Climate change effect: Warming temperatures could kill thousands of Americans each year, study finds
A rise of 1.5 and 2 degree celsius, might bring about 2,100 and 1,600 additional deaths every year due to injuries -- with drowning and transport accidents becoming more common
Abnormal temperatures driven by climate change can cause around an additional 2,100 deaths among Americans each year due to injury-related deaths. Car accidents, suicide, drowning and other fatal injuries might become more rampant, even if we stick to the Paris Climate agreement of keeping temperatures below 2 degree celsius, according to a new study.

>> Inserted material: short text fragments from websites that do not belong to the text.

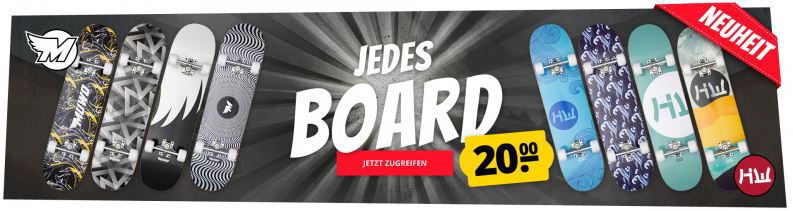 SportSpar: Muwo & Hidetoshi Wakashima Skateboards ab je 20€ zzgl. Versand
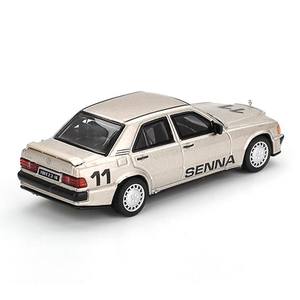 Mini GT MGT01076-L 1076 1/64 Mercedes-Benz 190 E 2.3-16 Ayrton Senna 1984 Nürburgring Race of Champions con Figura de Coche de Carreras Fundido a Presión - Product Image 2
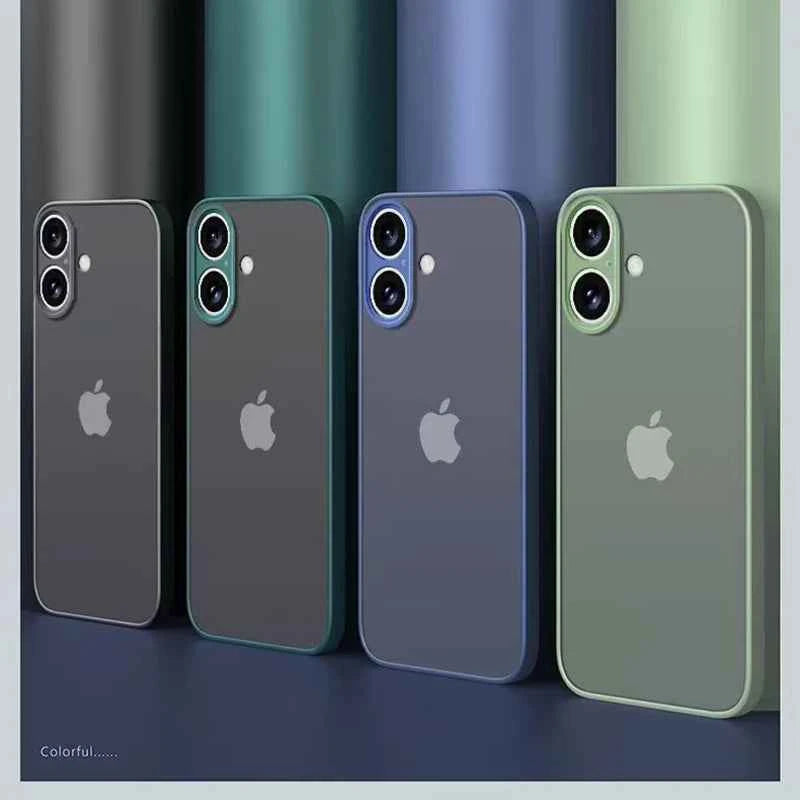 Luxury Armor iPhone Case - Shockproof Hard PC Cover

Rising temperatures might take a heavy toll on younger Americans -- especially among men aged between 15 and 34 years. California, Texas, and Florida are expected to be hit the most.
"Our work highlights how deaths from injuries including assaults, suicides, transport and drowning deaths currently rise with warm temperature, and could also worsen by rising temperatures resulting from climate change unless countered by social and health system infrastructure that mitigate these impacts," says Dr. Robbie Parks, lead author from Columbia University's Earth Institute.
To come up with the prediction, Dr. Parks and his colleagues looked at the past: from 1980 to 2017. During this 38-year period, the team examined information on deaths caused by injuries due to accidents -- transport, falls and drowning -- and intentional ones, including assault and suicide, in mainland United States, except Hawaii and Alaska. Then, the team checked for records of monthly abnormalities in temperature during that period and matched them with the data on injury. This was done to check whether the US saw a spike in injury-related deaths during warmer conditions.
Their analysis showed that 4.1 million boys and men and 1.8 million girls and women died from an injury, primarily from transport, falls, drownings, assault and suicide. Building on the past data, the team predicted the number of additional deaths for an increase in average temperatures. A rise of 1.5 and 2 degree celsius, might bring about 2,100 and 1,600 additional deaths due to injuries -- with drowning and transport accidents becoming more common.
The study does not explain how warmer temperatures drive injuries. However, they suspect that this has something to do with people spending more time outdoors, increasing the risk of accidents: people swim, drive and drink more during these conditions. Also, warmer conditions are likely to cause mental distress, triggering a spike in suicide rates, they explain.
The risk of more deaths can be reduced by cutting carbon emissions and limiting future warming, and by public health efforts, such as targeting young men with campaigns about the risks of drowning, Dr. Parks tells NewScientist.
The study has been published in Nature Medicine.